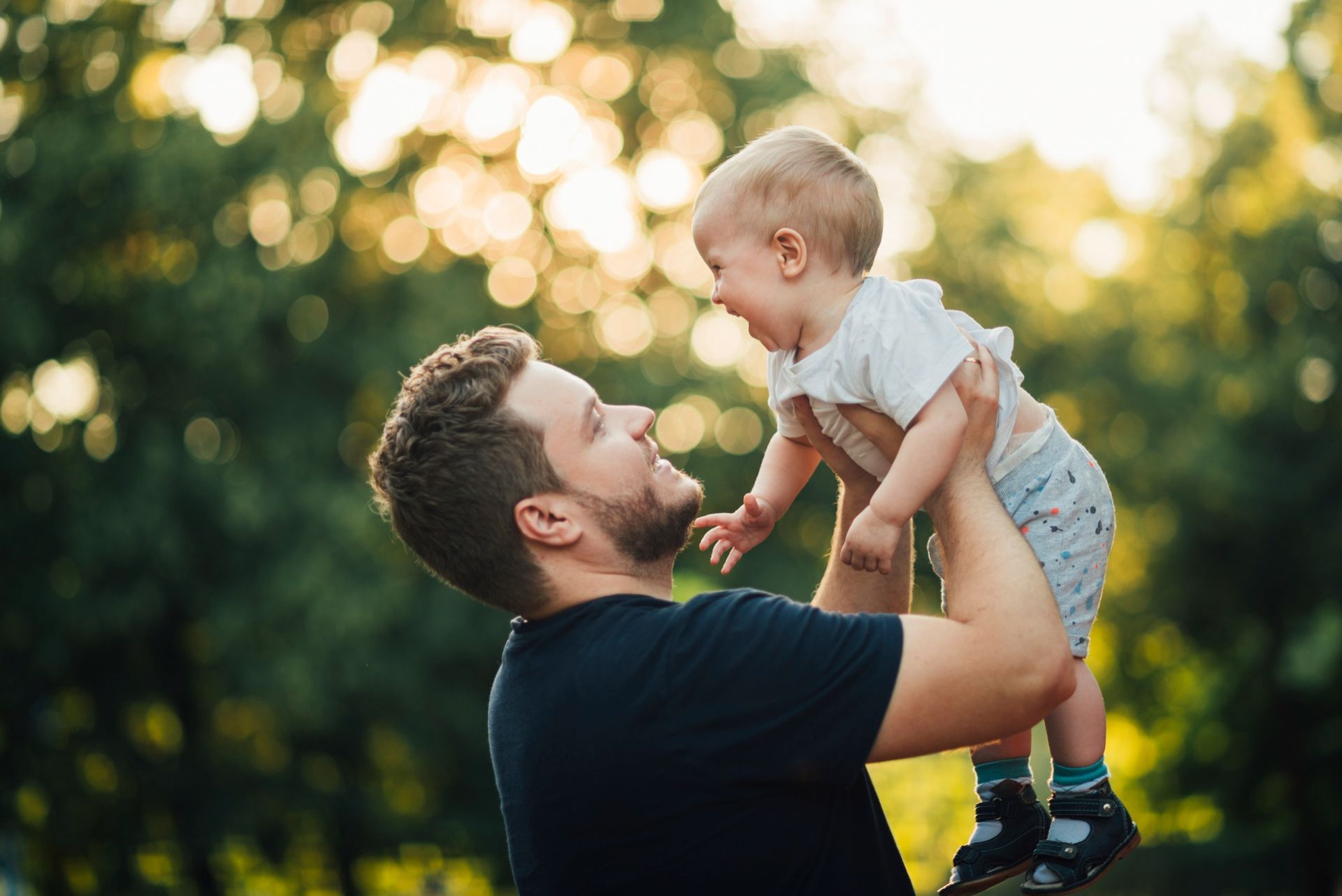 A man is holding a baby in his arms in the air.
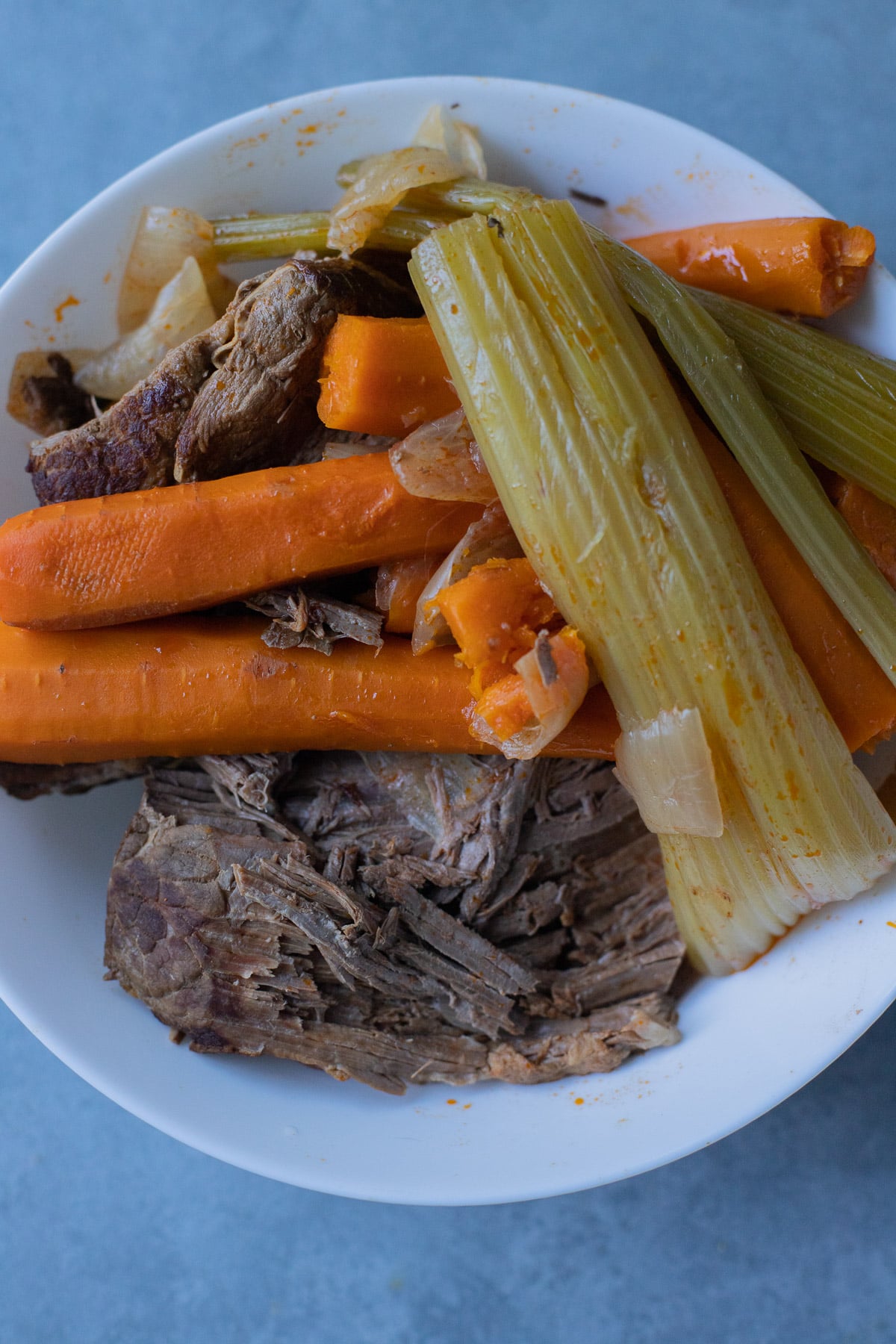 Cooked beef roast, celery, and carrots ready to be prepped and chopped for beef soup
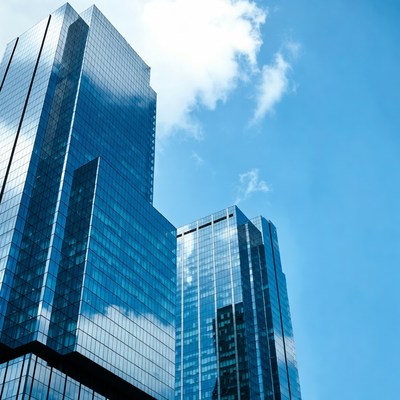 Modern Glass Skyscrapers Blue Sky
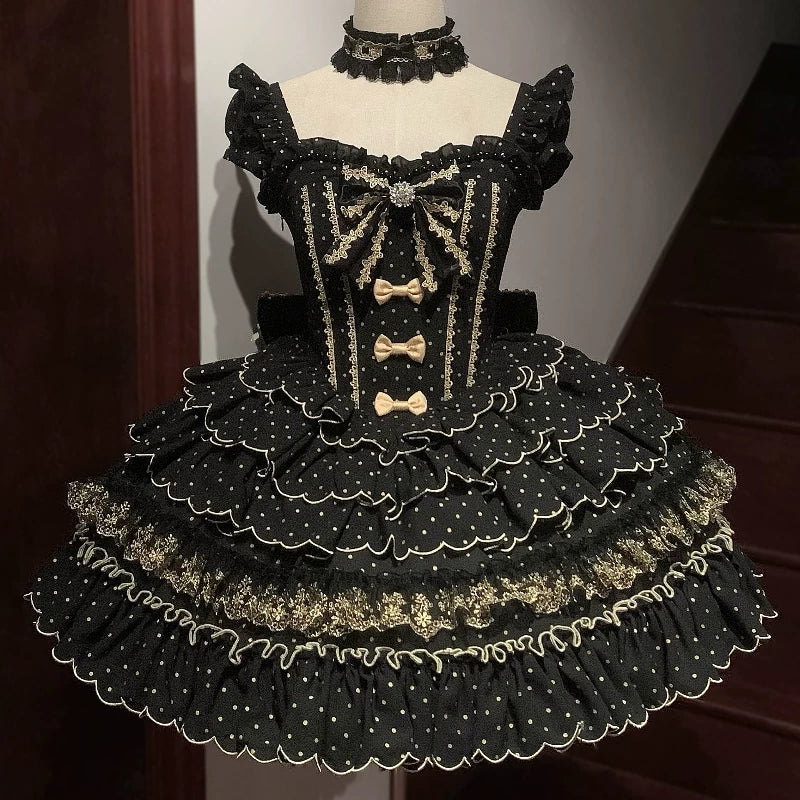 Black and gold dress on a mannequin against a neutral background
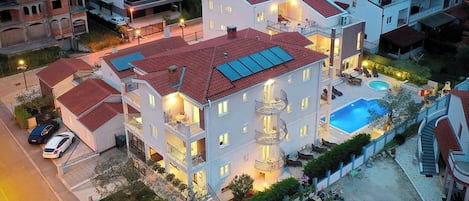 A multi-story hotel with a swimming pool, balconies, and a well-lit entrance.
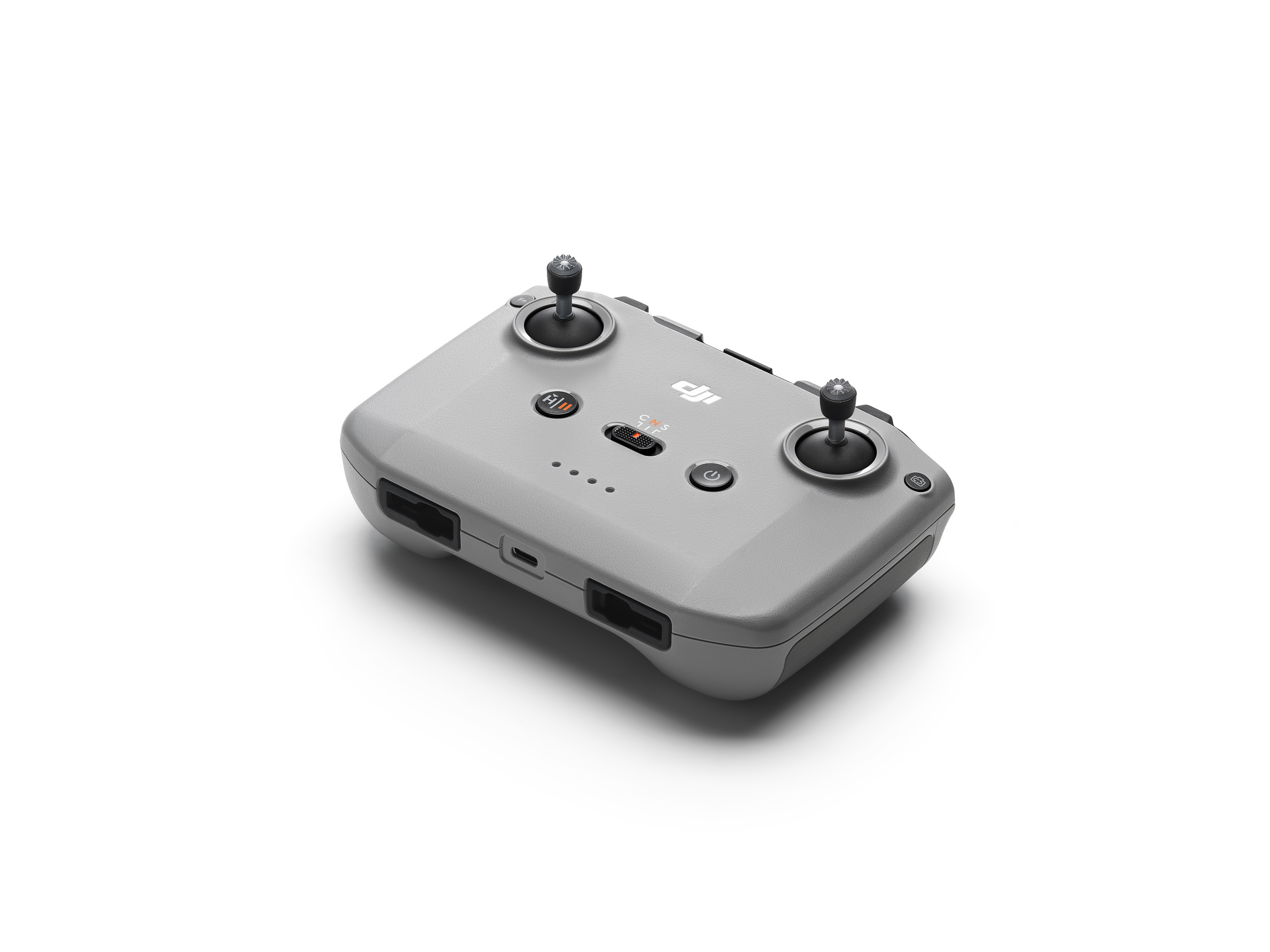 Eine graue Drohnen-Fernbedienung mit zwei Joysticks.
--- --- ---
## What needs to be done
Output each record verbatim and leave out its pictures.

## Response for this exercise
 A man is holding a baby in his arms in the air.
 Cooked beef roast, celery, and carrots ready to be prepped and chopped for beef soup
 Modern Glass Skyscrapers Blue Sky
 Black and gold dress on a mannequin against a neutral background
 A multi-story hotel with a swimming pool, balconies, and a well-lit entrance.
 Eine graue Drohnen-Fernbedienung mit zwei Joysticks.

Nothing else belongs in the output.